Given material >>
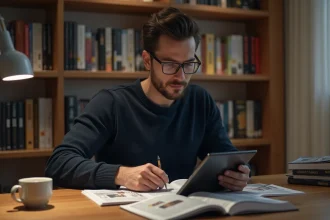 Lecteur attentif comparant des scans de manga sur tablette et en version physique à son bureau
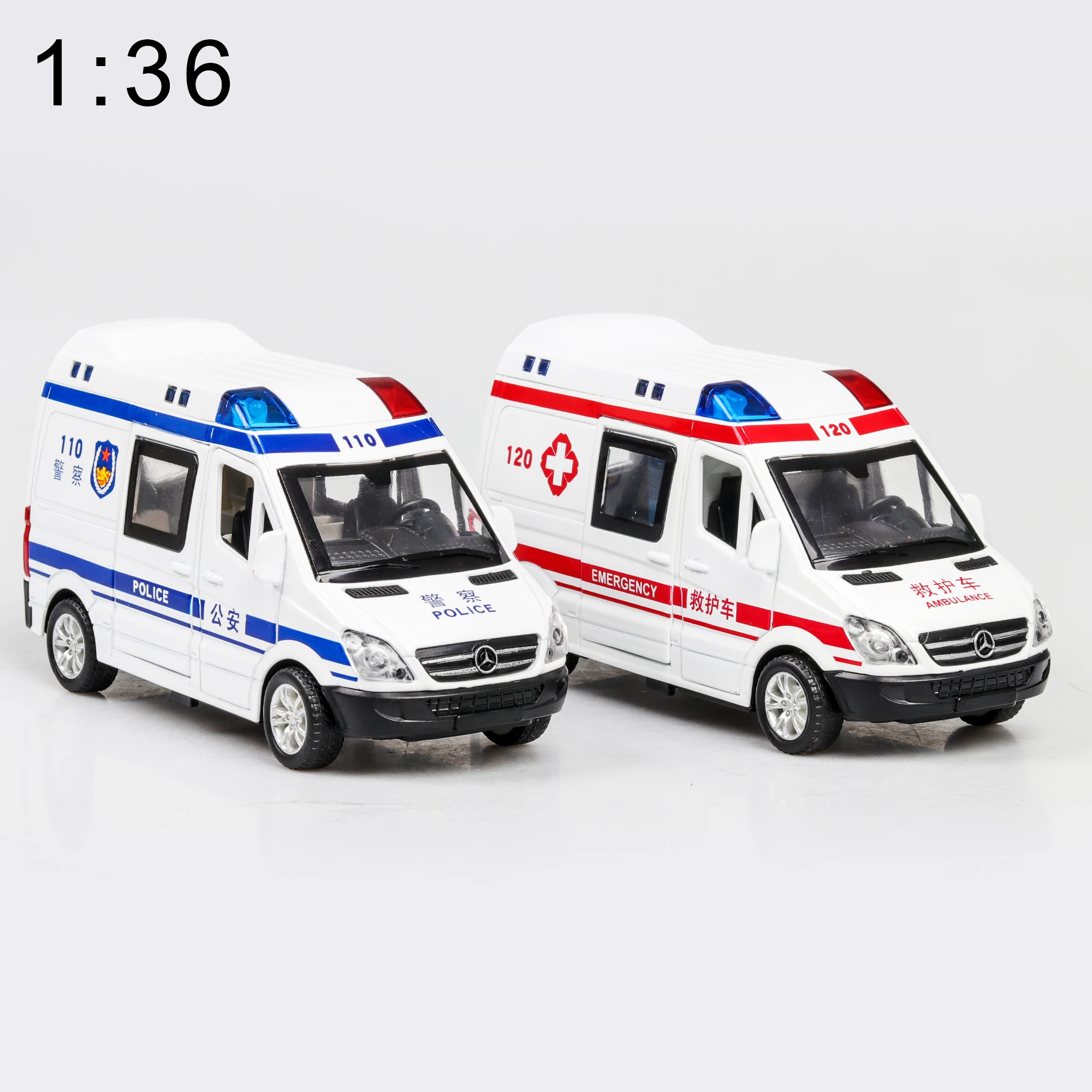 Koop 132 Ziekenhuis Redding Ambulance Politie Diecast Metaal Model Auto Met Pull Back Geluid Licht Voor Kinderen Speelgoed Geschenken Gratis Verzending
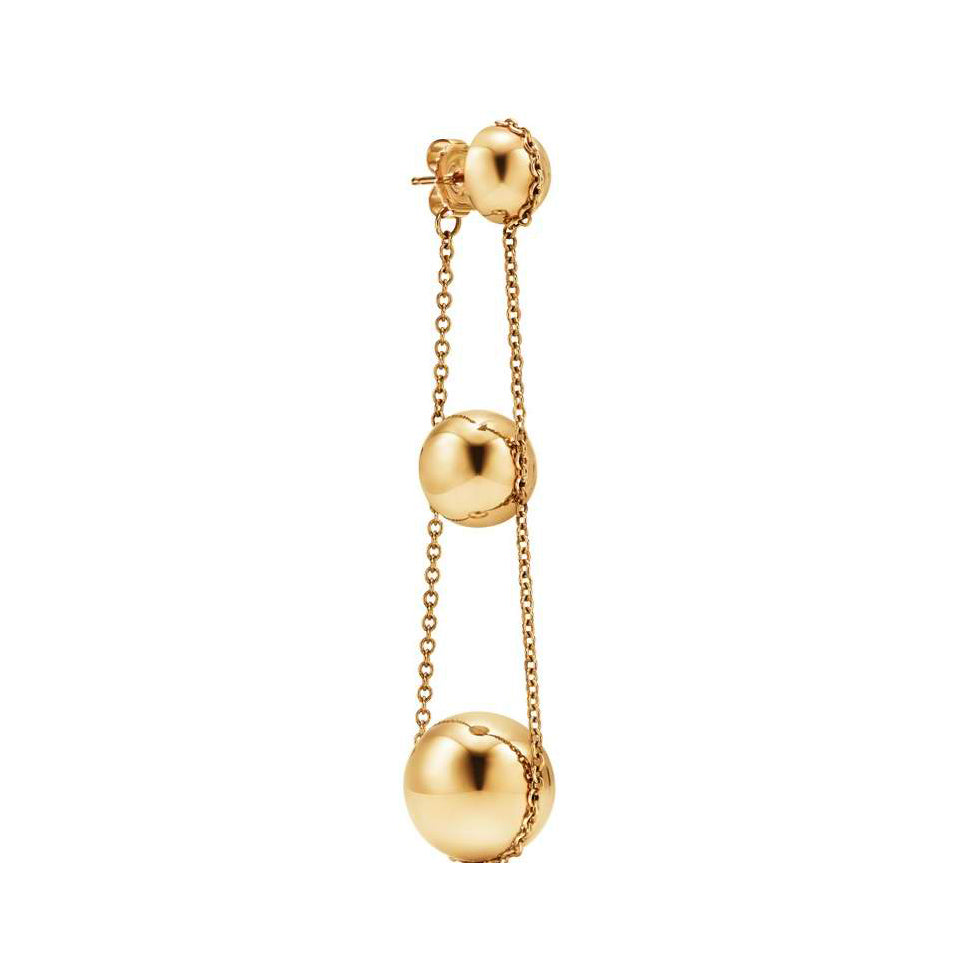 TIF86292960 Light Gold Edition Triple Gold Beads Ball Earrings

Exercise objective >> Your response must reproduce the listing above word for word and must contain none of its pictures.

Written answer >>
 Lecteur attentif comparant des scans de manga sur tablette et en version physique à son bureau
 Koop 132 Ziekenhuis Redding Ambulance Politie Diecast Metaal Model Auto Met Pull Back Geluid Licht Voor Kinderen Speelgoed Geschenken Gratis Verzending
 TIF86292960 Light Gold Edition Triple Gold Beads Ball Earrings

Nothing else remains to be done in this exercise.